Neurodevelopmental effects of decabromodiphenyl ether (BDE-209) in APOE transgenic mice

•A single postnatal exposure to BDE-209 at 30 mg/kg retarded eye opening in apoE2 mice•Subtle differences in maturation exist between mice carrying different apoE polymorphisms (apoE2, apoE3 and apoE4).•The apoE genotype influences the vulnerability to the neurodevelopmental effects of BDE-209.

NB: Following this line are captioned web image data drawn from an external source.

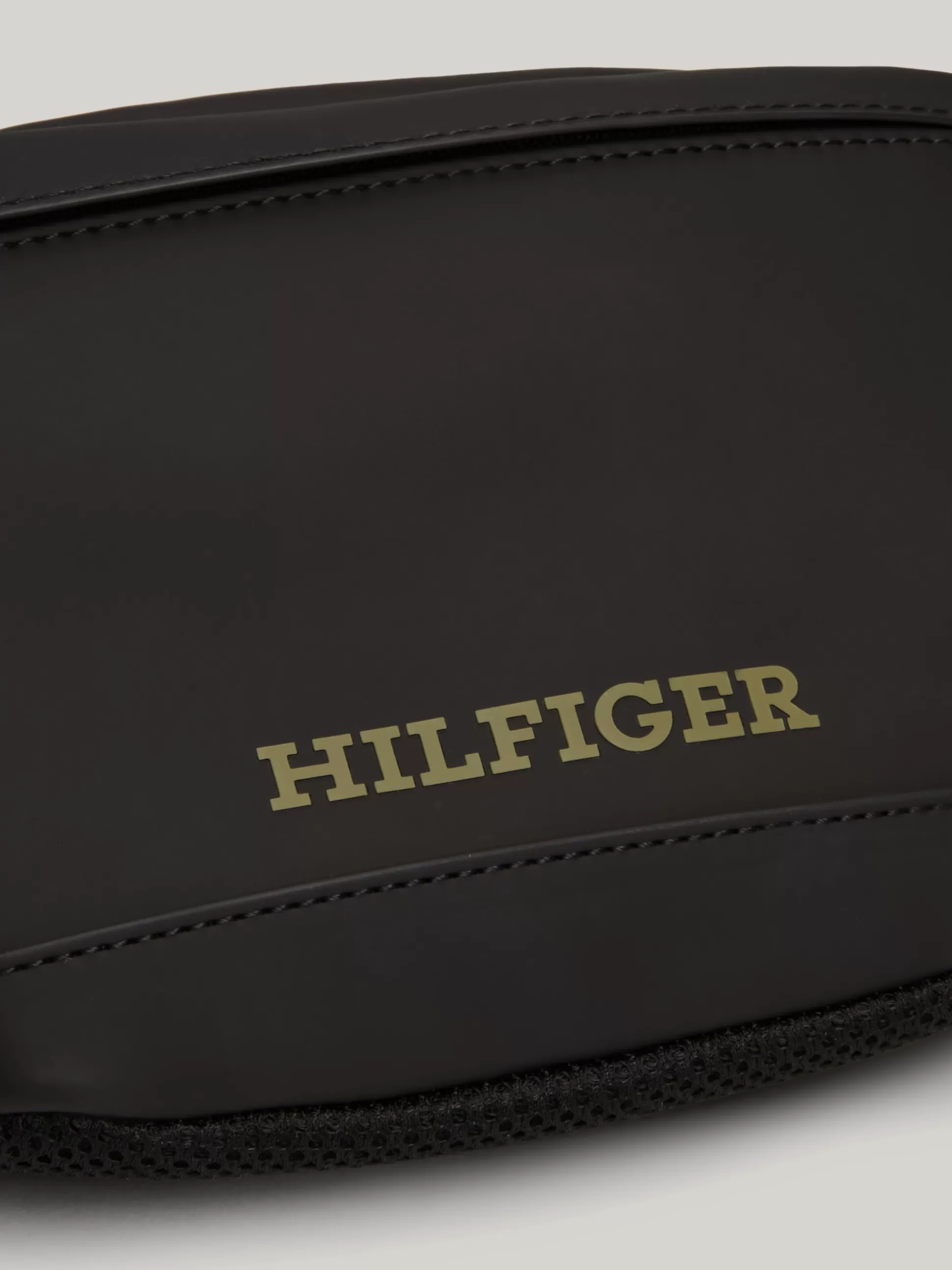 Tommy Hilfiger Torebki Na Pasku^Torebka Typu Nerka Z Blokami Kolorów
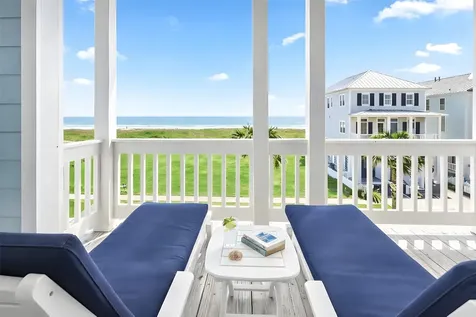 1830 Seaside Drive Galveston TX 77550
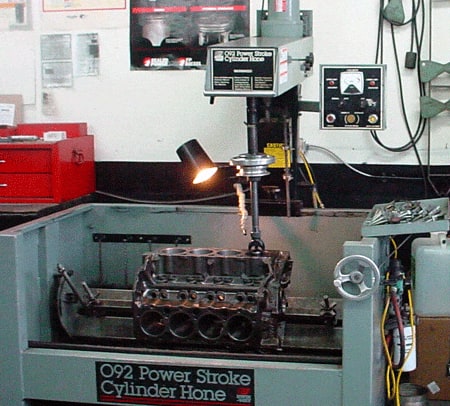 Cylinder honing machine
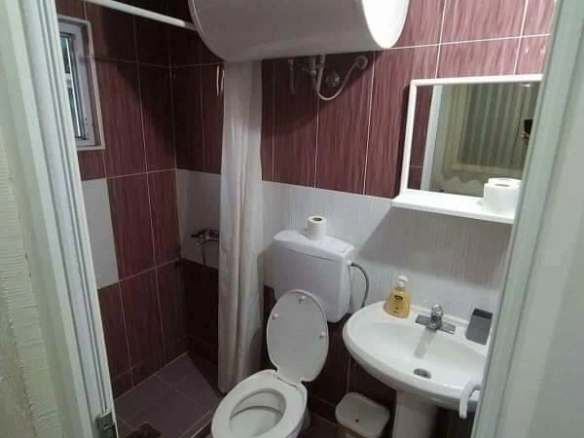 Kuća 180 m² na placu od 400 m² sa tri stana – Sutomore, Bar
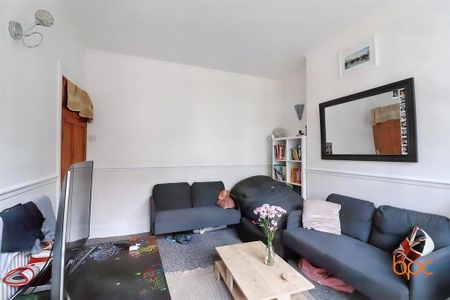 4 bedroom end of terrace house to rent - Photo 2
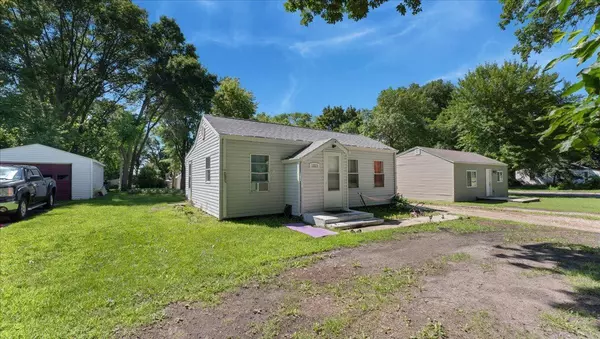 Willmar, MN 56201,1313 Lakeland DR NE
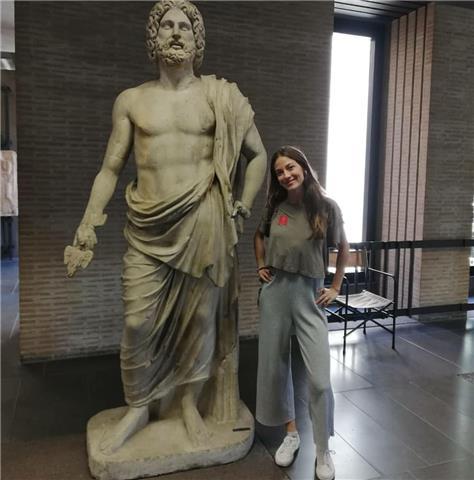 Nativa de español y alemán imparte clases de español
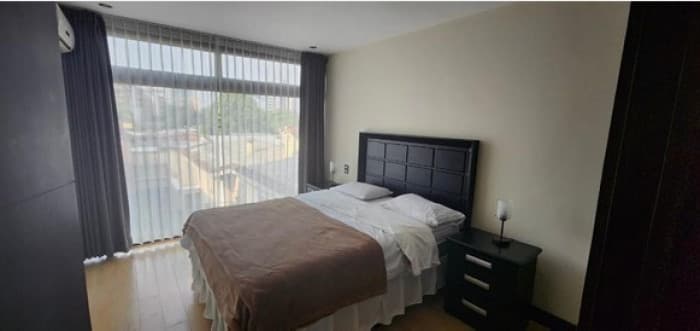 En Alquiler Apartamento Amueblado en Zona 15  - foto 3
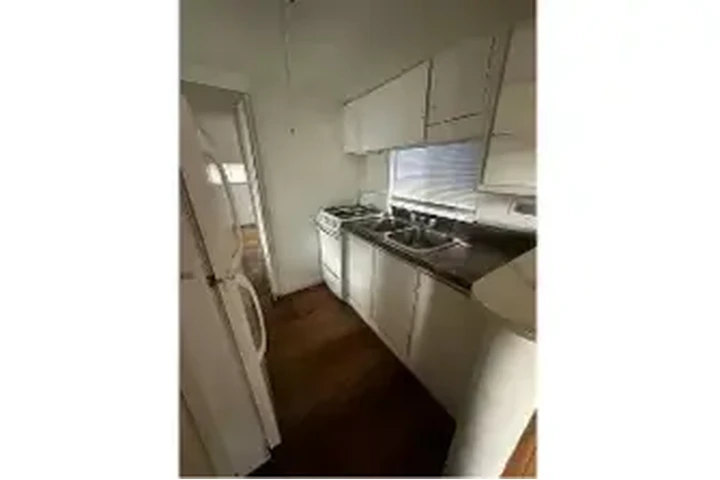 $1200 : Clean quiet private yard image 1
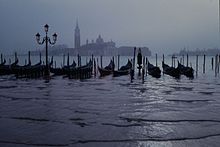 "Regular" flooding in Venice, Italy. Venezia-Venice-Venedig-at-night JBU-02.JPG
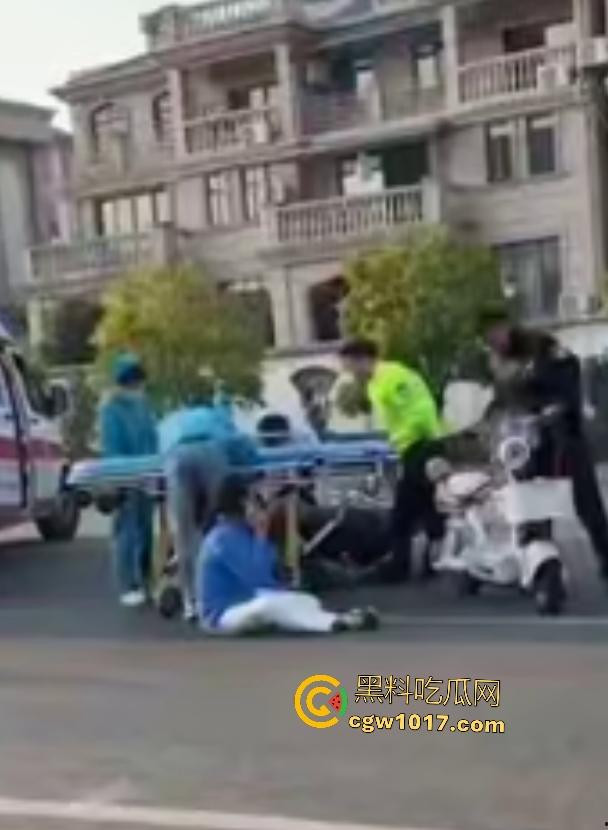 上饶电动车“奥斯卡”撞车大戏，大哥躺地飙演技假装植物人，女人快起来了他还全躺装死，影帝快起来领奖了！  第6张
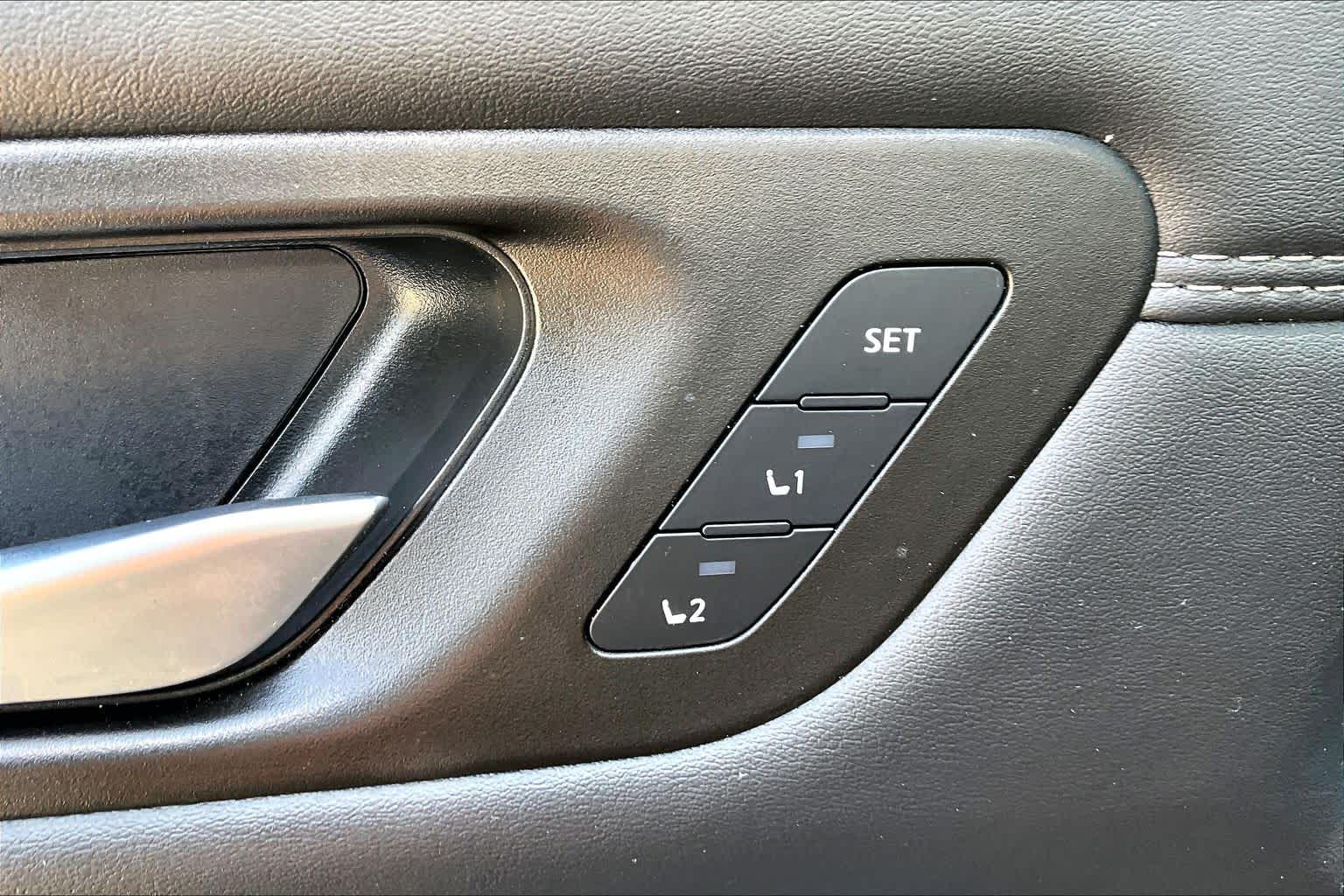 2025 Nissan Pathfinder Platinum Obsidian Green Pearl at Sterling McCall Nissan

Exposure to low doses of neurotoxic pollutants during early brain development is a public health concern. Perinatal exposure to polybrominated diphenyl ethers (PBDEs) has been associated with neurodevelopmental effects in infants and long-term behavioral alterations in rodents. Decabromodiphenyl ether (BDE-209) is extensively used in the industry, with its potential risk to humans still under examination. In a previous study, we found that a single postnatal administration of BDE-209 impaired spatial learning in mice at 12 months of age, but a similar alteration was present in young mice carrying a specific genotype of apolipoprotein E (apoE). On the basis of our results, the main goal of the current investigation was to assess whether the same exposure to BDE-209 would affect the neurodevelopment of apoE transgenic mice. We used a functional observational battery (FOB) to evaluate the physical and neuromotor maturation of transgenic mice carrying different apoE polymorphisms (ε2, ε3, and ε4). On postnatal day 10, BDE-209 was administered orally at 0, 10 and 30 mg/kg and neurodevelopmental screening was carried out until postnatal day 36. We observed a subtle delay in eye opening in mice carrying the apoE4 genotype. Exposure to the high dose of BDE-209 retarded the eye opening of apoE2 mice, but no other developmental features were affected. The results indicate few effects of BDE-209 during development, while the vulnerability conferred by the apoE genotype may vary depending on age. Identifying relevant early gene-environment interactions is fundamental for a better understanding of adult health and disease.